The regents had delayed a vote on the extreme measure in hopes that legislators might be able to restore some funding. But last week, the university’s credit rating was downgraded sharply, and it was given a negative outlook by Moody’s Investors Service because of the severity and magnitude of the financial challenges it is facing.
The board voted 10 to 1 in favor of declaring financial exigency.
"We will not have a university after February if we don’t make a move,” Regent Gloria O’Neill said.
Faculty leaders responded with dread.
“It’s very frightening to see things happen, and happen so fast,” said Maria Williams, chairwoman of the University of Alaska’s Faculty Alliance, who compared the chaotic situation to a dystopian drama.
The alliance had asked regents to delay such a declaration in hopes the legislature would restore some funding, resulting in a less extreme solution. The vote is a symbol of defeat to lawmakers, she said, as though the university is just accepting the budget cuts. “It sends a very bad signal to our students, and certainly to faculty,” she said.
Legislators this month failed to overturn vetoes by Gov. Michael J. Dunleavy (R) that slashed funding for education and other services. The University of Alaska faces a loss of more than $135 million in the current fiscal year, a 41 percent drop in state funding. There is a legislative effort to restore funding, but several university officials said they do not have much hope of staving off problems.

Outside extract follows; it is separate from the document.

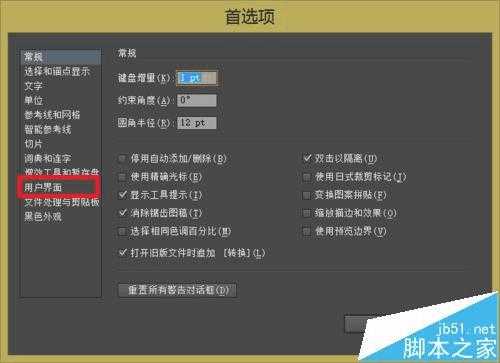 嘿，别再用鼠标点啦 AI窗口快捷键让你效率飞起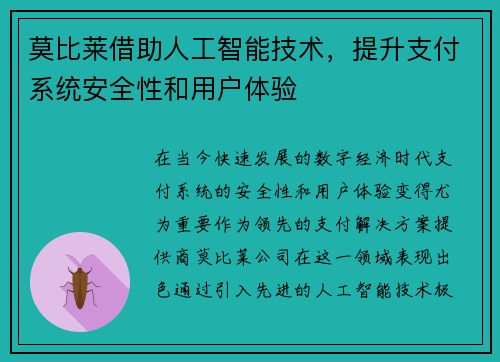 莫比莱借助人工智能技术，提升支付系统安全性和用户体验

The board is facing a long list of unknowns, including what legislators may be able to accomplish, how the governor might respond and timing.
The chancellor of the University of Alaska at Fairbanks, Daniel M. White, said last week that even if a compromise was reached on a capital budget, a step that could ease the crisis, “there will be things we will have to stop doing.” At each of the three large campuses, officials have been trying to project the ripple effect on enrollment and research.
White has sought to reassure federal agencies that the university will honor research commitments. “If the agencies don’t have confidence, obviously they won’t invest in us,” White said.
The governor has had to make tough decisions, said spokesman Matthew N. Shuckerow, crafting a budget that ensures the state doesn’t spend more than it takes in, protects core services, doesn’t raise taxes and doesn’t draw from the Permanent Fund Dividend.
Dunleavy pledged to Alaskans during the 2018 governor’s race that they would receive a higher Permanent Fund Dividend, the annual checks sent to state residents from a reserve created through the state’s oil wealth. The previous governor and legislature had lowered the dividend after dropping oil prices created revenue shortfalls.
But Dunleavy emphasizes that the state needs to align expenditures and revenue, regardless of the dividend, Shuckerow said. “We’re so out of line.”
Analyses of the University of Alaska have concluded that many programs are duplicative, Shuckerow said, such as engineering, business and education programs at more than one campus. The system offers hundreds of degree programs, he said, and the governor wants it to focus on those that serve the state and serve the workforce.
Alaskans should know that #akleg still has the time and tools available to come to an agreement on the capital budget. My staff & I are ready to assist lawmakers in coming to agreement & passing a capital budget that provides the maximum benefit to Alaskans as quickly as possible— Governor Mike Dunleavy (@GovDunleavy) July 22, 2019
Johnsen gave the board options to consider, outlined in a report.
“We have to start by looking at our enrollment,” Johnsen said. “We have 26,000 students, with various majors, in multiple locations. How do we organize and resource ourselves to meet their needs?”
Classes are expected to begin as usual this fall.
In September, the board will consider cuts to programs. Johnsen predicted the full impact of the cuts could be closer to $200 million because of anticipated drops in tuition revenue and research grants. If the $136 million cut stands, at least 1,300 faculty and staff members are expected to be laid off — about 20 percent of the University of Alaska’s employees.